Примером красной тюрьмы мог служить Белгород 99-го года. Ментовской беспредел — избиения при поступлении (я уже писал об этом), жалобы и письма при малейшей возможности безнаказанности уничтожаются. Прокурор по надзору со стеклянными глазами. Все строго по распорядку. Небольшие нарушения тут же оформляются во взыскания. Никакой связи практически между камерами нет. Конвои, выводы — строго по уставу. Собаки. Протесты и возмущения гасятся дубинками и теми же собаками — одному этапнику псина прокусила ногу во время „наведения порядка”. К тому же и питание мизерное. Шутки не воспринимаются — один попробовал в шутку поинтересоваться, чего это вы с собаками нас на прогулку водите — кто-то сбегать, может, пытался? Опера тягали несколько дней, чуть красную полосу не влепили. Красная полоса по диагонали титульной страницы личного дела означает „склонен к побегу или нападению” — на этапах с такой мрак — могут даже в наручниках сутками держать, да и в других местах не мед. Сразу по этой же теме — есть еще так называемая „желтая полоса” — „склонен к самоубийству”.

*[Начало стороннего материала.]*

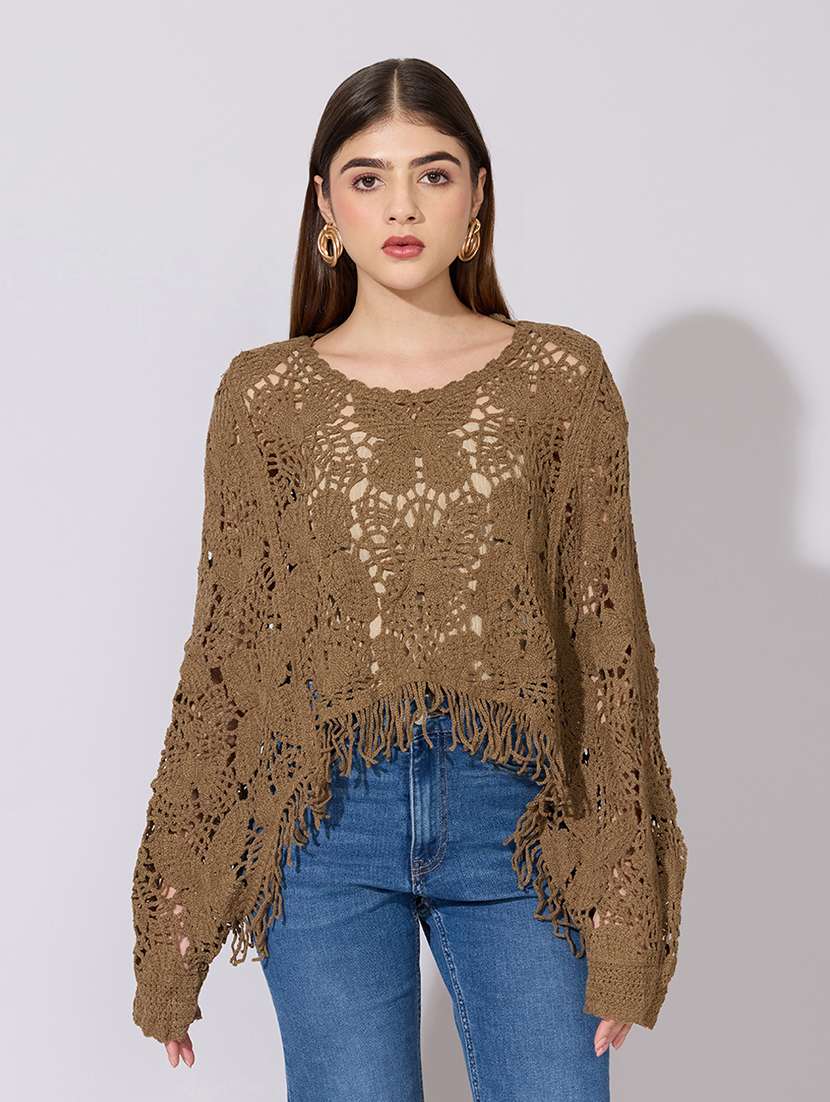 women self designed long sleeve crochet top - 22381046 -  Standard Image - 2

Сейчас я описываю сухо, фактами — позже постараюсь передать свои впечатления и в более живой форме, особенно о Белгороде. Воспоминаний масса.
В большинстве же тюрем и зон — всего помаленьку. Динамическое равновесие сил разного цвета. Нужно сказать, что крайние проявления того или иного „цвета” — вещь, как правило, непостоянная и неестественная для системы. Дело в том, что, с одной стороны, для основной массы персонала мест лишения свободы — красный режим, это такой же напряг, как и для зеков. В общей массе это простые люди, зачастую с близлежащих сел, которые не имеют каких-то личных мотивов для ненависти и, тем более, для усердствования на работе. Это обычный наемный персонал, с обычным русским менталитетом, не позволяющим им перетруждаться на службе. Начальство пришло, пошумело, и ушло — а они остались. Что вы хотите от работника, который по большому счету, такой же зэка, разве что может иногда домой ходить. Без постоянной накачки все приходят к состоянию наименьшего напряга и сопротивления.

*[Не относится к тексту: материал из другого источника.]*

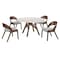 Armen Living Venus and Polly 5 Piece Walnut and Marble Round Dining Set SETVEDIWA5B - alternate 1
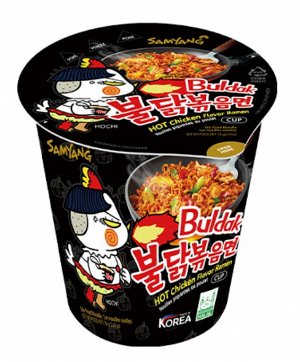 Лапша пшеничная Samyang Hot Chicken CUP Ramen, острая курица, стакан 70 г. Ю.Корея. (BULDAK Hot Chicken Flavor Ramen)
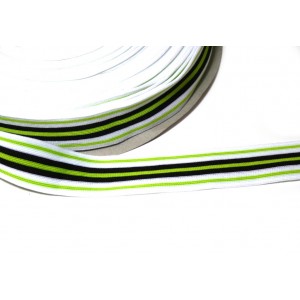 1m elastisches Streifenband 30mm apfelgrün/schwarz/weiss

Такая же ситуация и с черной стороны — обычному мужику никакие высокие идеи не нужны. Было бы что поесть, где поспать, посмотреть телевизор. В бой за идею они не пойдут и, при малейшем напряге, оставляют братву сам на сам с их "оппонентами".
В отличии от радикальных цветов красных и черных, мужиков часто называют серыми.
Чтобы картина с цветами была более или менее полной, следует вспомнить еще одну масть — „шерстяные”. Шерстью на фене зовутся ссучившиеся блатные.
Термин „сука” имеет общее значение предатель, изменник. Тот, кто изменил воровским идеалам и стал на путь беспредела. По сути, это одна из разновидностей красной масти, так как суки специально культивируются операми и при их помощи приходят к власти на зоне, творя беспредел по отношению к правильным пацанам и мужикам. Самый тяжелый и бесчеловечный вариант — когда представители закона творят беззаконие чужими руками. В таком случае зону зовут шерстяной. Не знаю как сейчас с этим, но слышать о таком приходилось.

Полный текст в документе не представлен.